A Product Requirements Document sounds corporate. It isn't. It's the one thing that stops you from building the wrong thing, building too much, and losing months to confusion.

Every product I’ve seen go sideways — whether it was built by a team of twelve or one person with an AI and a weekend — had the same root cause. Nobody wrote down what they were actually building before they started building it.

The fix isn’t complicated. It’s a document. Specifically, a Product Requirements Document — a PRD. It sounds corporate. It isn’t. It’s two pages that answer the questions everyone on a project eventually argues about, written down before anyone writes a line of code or creates a single workflow.

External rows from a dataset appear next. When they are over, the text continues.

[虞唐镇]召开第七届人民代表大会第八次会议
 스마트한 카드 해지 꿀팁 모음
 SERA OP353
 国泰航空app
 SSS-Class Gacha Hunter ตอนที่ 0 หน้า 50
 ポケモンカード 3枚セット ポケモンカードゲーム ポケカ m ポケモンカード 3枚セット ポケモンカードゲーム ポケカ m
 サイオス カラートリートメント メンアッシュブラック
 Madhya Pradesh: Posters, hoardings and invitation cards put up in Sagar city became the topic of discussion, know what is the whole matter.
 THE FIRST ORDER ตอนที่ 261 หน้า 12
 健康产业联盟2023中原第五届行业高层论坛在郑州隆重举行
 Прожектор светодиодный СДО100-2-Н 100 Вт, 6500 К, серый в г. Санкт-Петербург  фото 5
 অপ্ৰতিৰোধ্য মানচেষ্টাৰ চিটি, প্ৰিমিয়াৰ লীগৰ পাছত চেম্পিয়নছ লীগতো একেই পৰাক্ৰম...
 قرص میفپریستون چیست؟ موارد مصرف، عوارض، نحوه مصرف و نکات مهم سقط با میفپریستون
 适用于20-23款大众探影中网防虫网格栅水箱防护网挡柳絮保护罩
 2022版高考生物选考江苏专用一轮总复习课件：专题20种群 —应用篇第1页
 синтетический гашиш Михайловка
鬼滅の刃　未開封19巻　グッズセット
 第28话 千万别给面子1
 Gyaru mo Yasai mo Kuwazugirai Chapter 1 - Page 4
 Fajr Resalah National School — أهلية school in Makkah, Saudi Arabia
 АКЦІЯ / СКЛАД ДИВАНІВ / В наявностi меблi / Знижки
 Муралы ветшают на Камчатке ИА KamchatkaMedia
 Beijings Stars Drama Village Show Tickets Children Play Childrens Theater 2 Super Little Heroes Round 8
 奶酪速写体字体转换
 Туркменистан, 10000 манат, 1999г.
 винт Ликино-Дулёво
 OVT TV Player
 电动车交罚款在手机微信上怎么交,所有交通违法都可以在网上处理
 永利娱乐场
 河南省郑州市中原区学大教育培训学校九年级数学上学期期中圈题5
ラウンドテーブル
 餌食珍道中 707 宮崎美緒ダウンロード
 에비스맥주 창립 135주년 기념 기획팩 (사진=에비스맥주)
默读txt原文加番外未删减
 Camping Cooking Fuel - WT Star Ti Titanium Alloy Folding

If you’re building anything — an automation, an app, a product, a process — read this before you open your tools.


What a PRD Is

A Product Requirements Document is a written definition of what you’re building, who it’s for, what problem it solves, and what “done” looks like.

That’s it. Not a technical spec. Not a business plan. Not a wireframe deck. A clear, plain-English description of the thing you’re trying to create — before anyone touches anything.

The reason it matters: the moment you start building, you start making decisions. Small ones, fast ones, dozens of them per hour. Without a PRD, those decisions are made in the moment based on whatever feels right. They accumulate. Six weeks in, you’ve built something that sort of resembles what you intended but doesn’t quite solve the problem you started with.

A PRD gives every decision a reference point. When you’re not sure whether to include a feature, you check the PRD. When you’re debating how something should behave, you check the PRD. When someone asks what you’re building, you send them the PRD.


What Goes In It

A useful PRD doesn’t need to be long. Here’s the structure I use:

1. The Problem Statement

One paragraph. What problem exists right now, for whom, and why it’s worth solving? Not the solution — the problem.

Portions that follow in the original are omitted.